== LISTED RECORDS ==

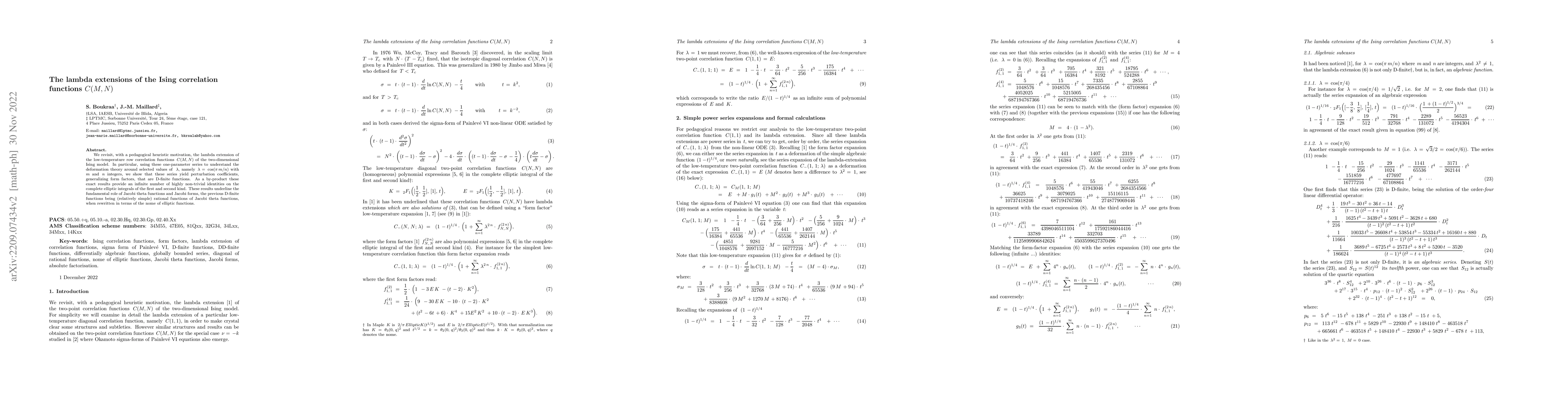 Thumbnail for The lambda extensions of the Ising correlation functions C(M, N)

===
== LISTED RECORDS ==

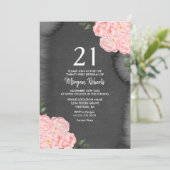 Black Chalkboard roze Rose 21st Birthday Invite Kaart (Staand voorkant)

===
== LISTED RECORDS ==

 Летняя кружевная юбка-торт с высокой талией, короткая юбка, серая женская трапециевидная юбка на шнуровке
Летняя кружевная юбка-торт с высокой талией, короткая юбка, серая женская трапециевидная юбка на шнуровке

===

REQUIRED ACTION:
Using the records, find the number of lines in which the string "кружевная" occurs. Reply with that number alone.

WRITTEN REPLY:
2